### Work instruction:
Retype, word for word, every line starting at the line with "Wer illegal importierte" and ending with the final line of the entries; skip the pictures.

(Data records)
=== Begin Enclosure ===
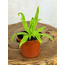 Pinguicula "Aphrodite" | ø 8,5 cm x ↕ 10 cm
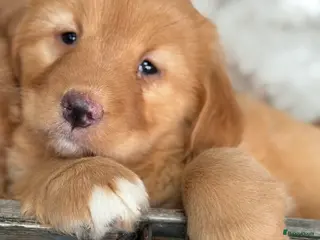 Nova Scotia Duck Tolling Retriever honden Nova Scofield duck rolling. Retriever - Advertentie 2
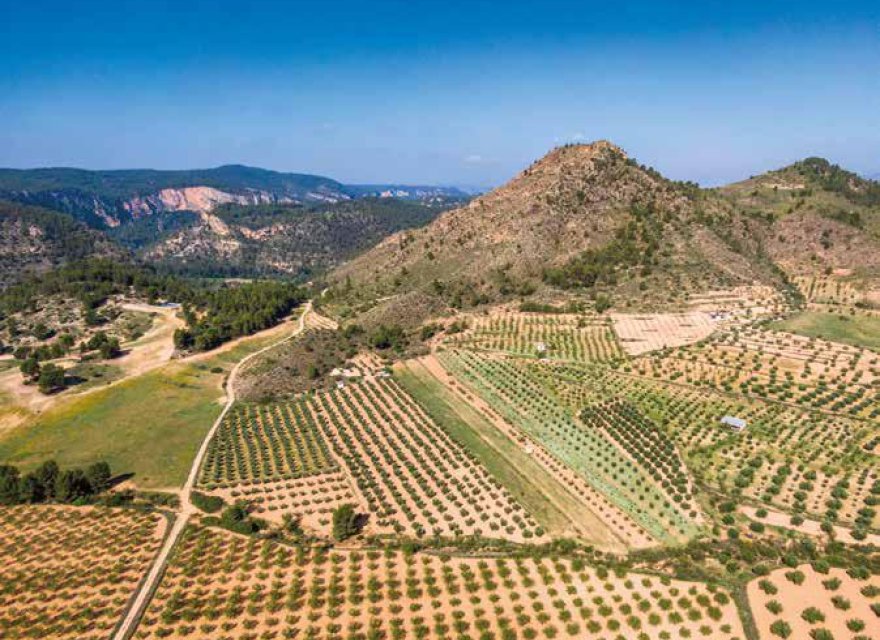 Перепродаж - Komercyjna - Costa Blanca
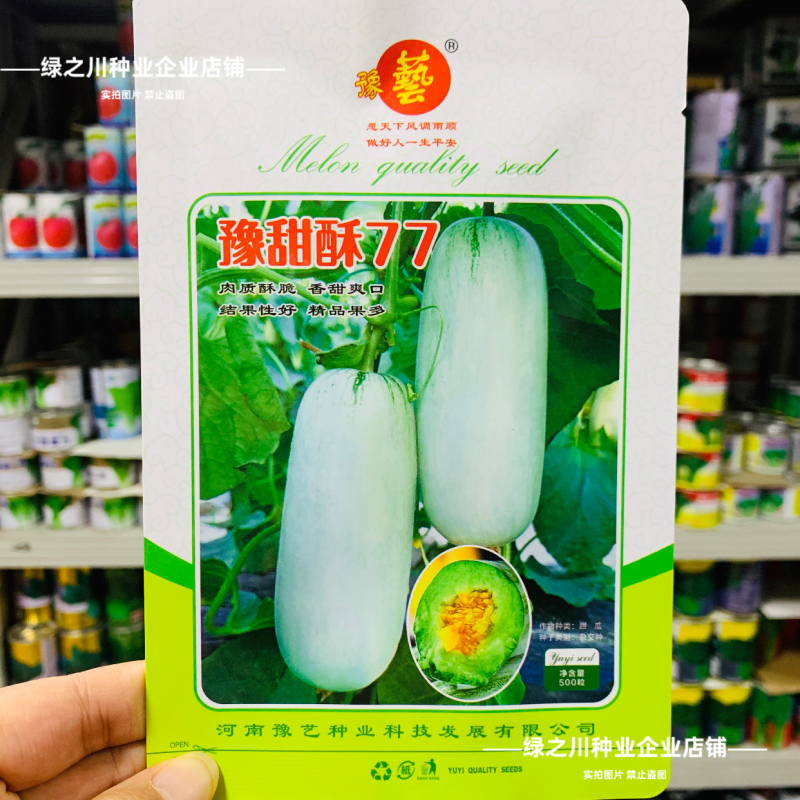 优质类薄皮甜瓜种子豫甜酥77甜瓜种子不裂果耐运超甜皮薄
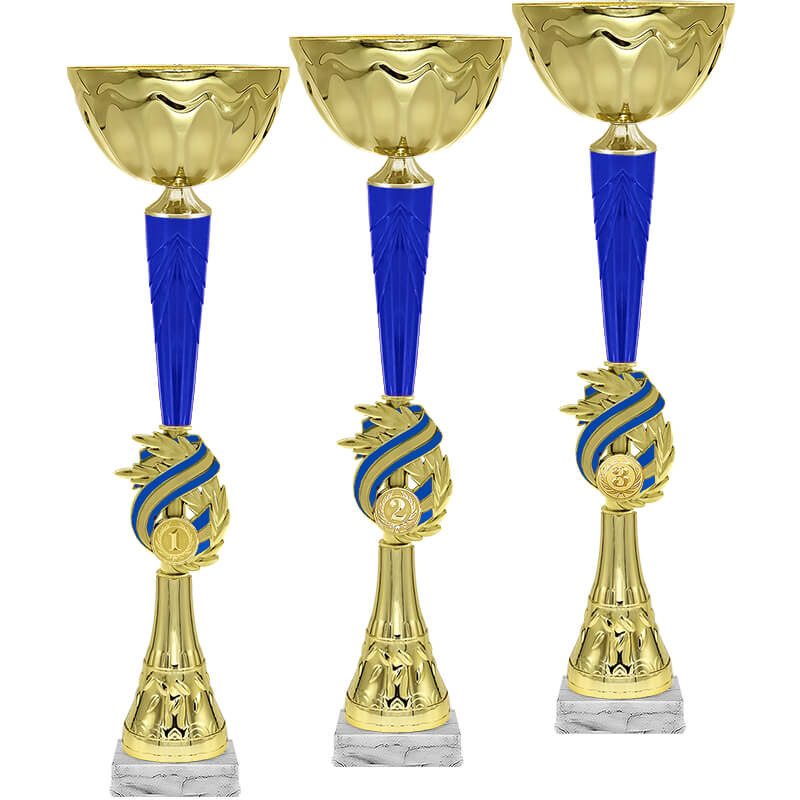 5251-300 Кубок Варлам 1,2,3 место 5251-300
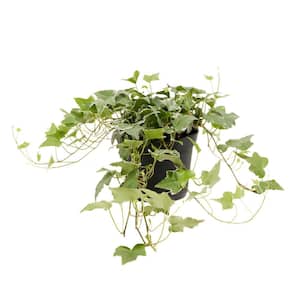 6 in. English Ivy Glacier (Hedera helix Variegata) Plant in Grower Pot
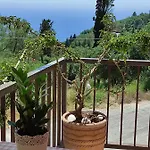 Malibu Glyfada (Corfu)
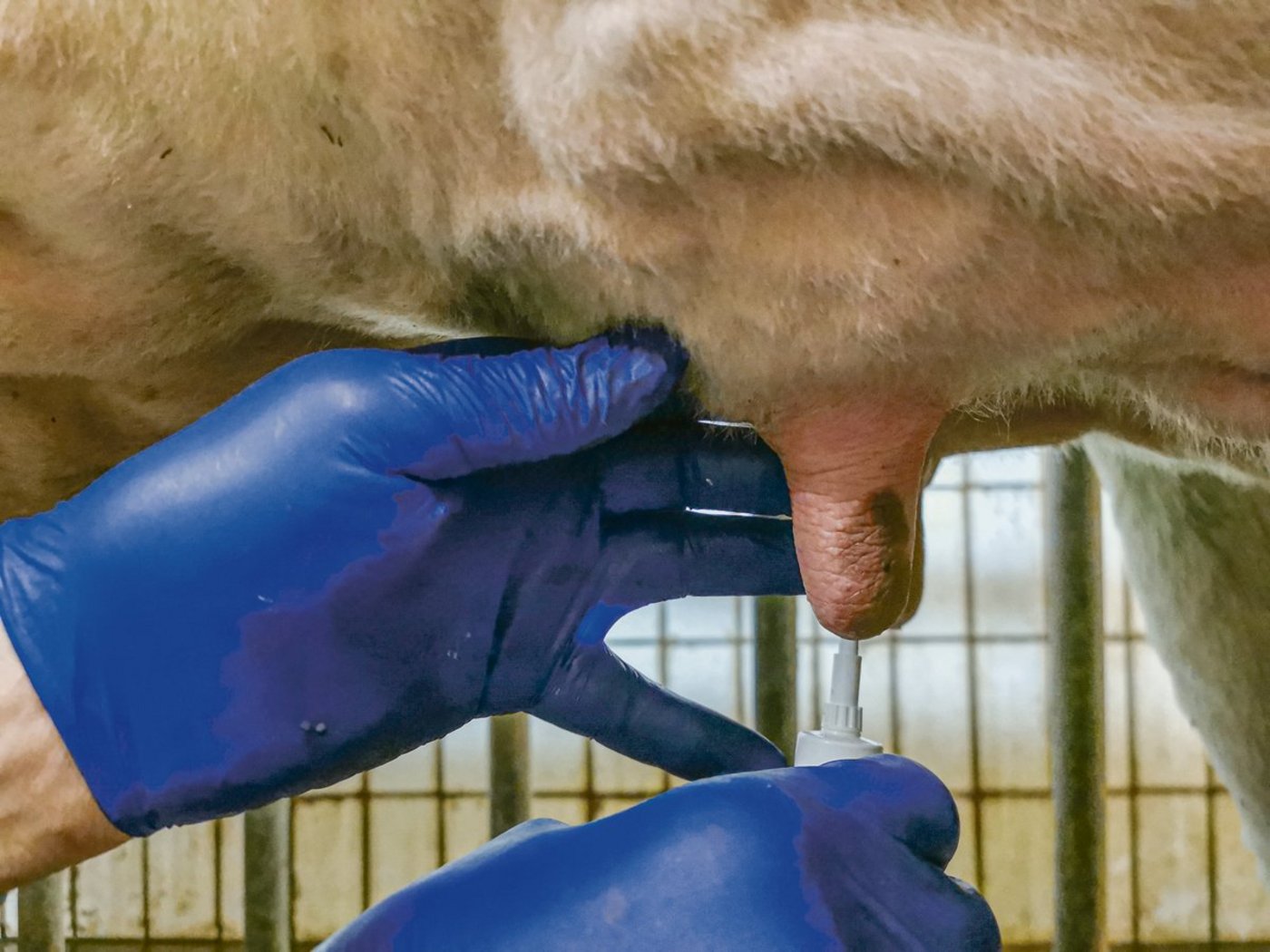 Wer illegal importierte oder verbotene Tierarzneimittel verabreicht, wird dies kaum im Behandlungsjournal vermerken. Das gefährde die Lebensmittelsicherheit, sagt Reto Wyss.(Bild sb)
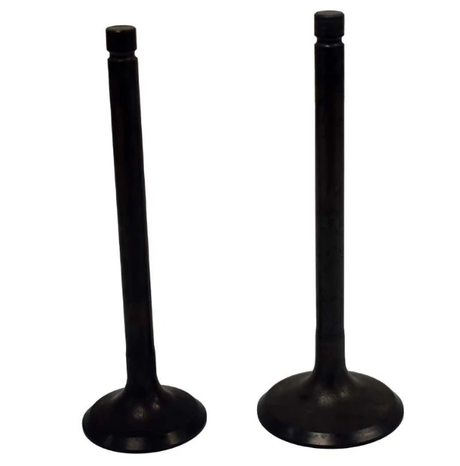 Engine valve pair, black finish, ATV City aftermarket part for Kawasaki KLF300 4x4 ATVs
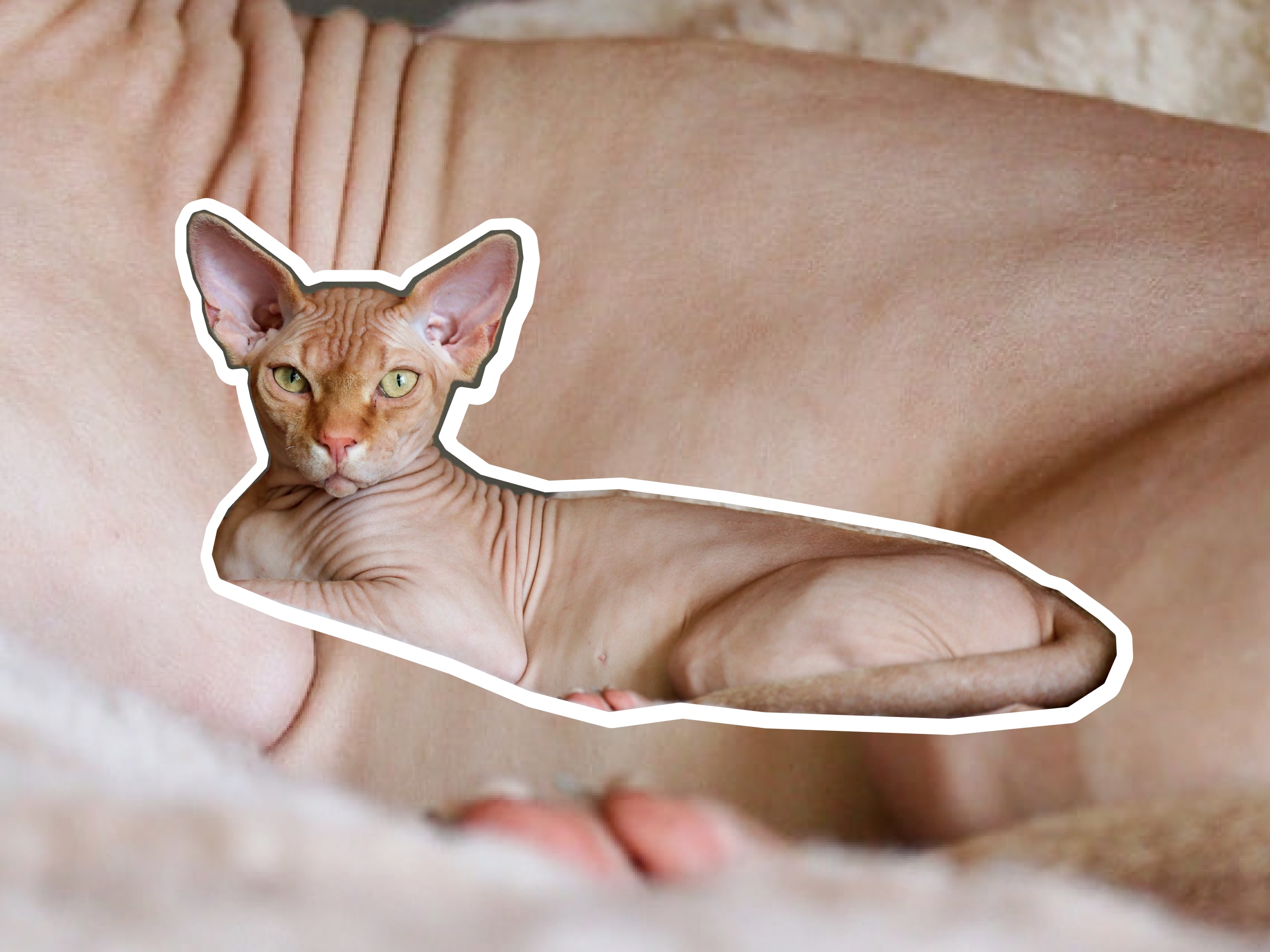 A photo of a Sphynx cat laying down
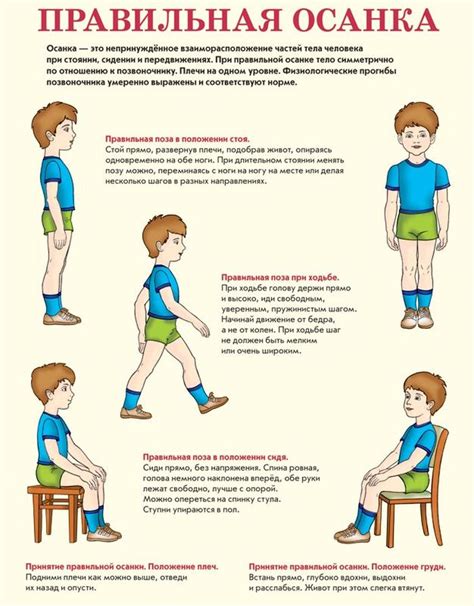 Принципы правильной осанки учеников 4 класса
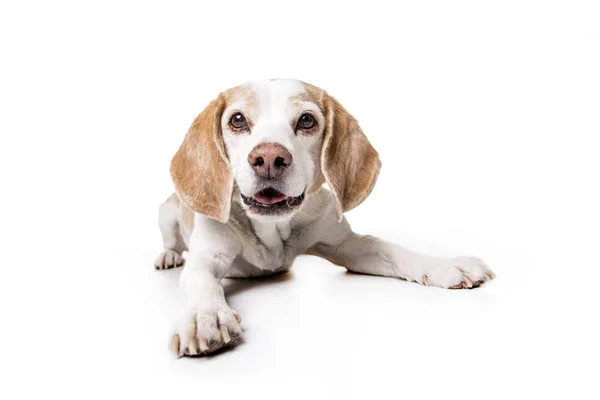 Puppy Beagle on white background — Stock Photo, Image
=== End Enclosure ===
### Solution for this problem:
 Wer illegal importierte oder verbotene Tierarzneimittel verabreicht, wird dies kaum im Behandlungsjournal vermerken. Das gefährde die Lebensmittelsicherheit, sagt Reto Wyss.(Bild sb)
 Engine valve pair, black finish, ATV City aftermarket part for Kawasaki KLF300 4x4 ATVs
 A photo of a Sphynx cat laying down
 Принципы правильной осанки учеников 4 класса
 Puppy Beagle on white background — Stock Photo, Image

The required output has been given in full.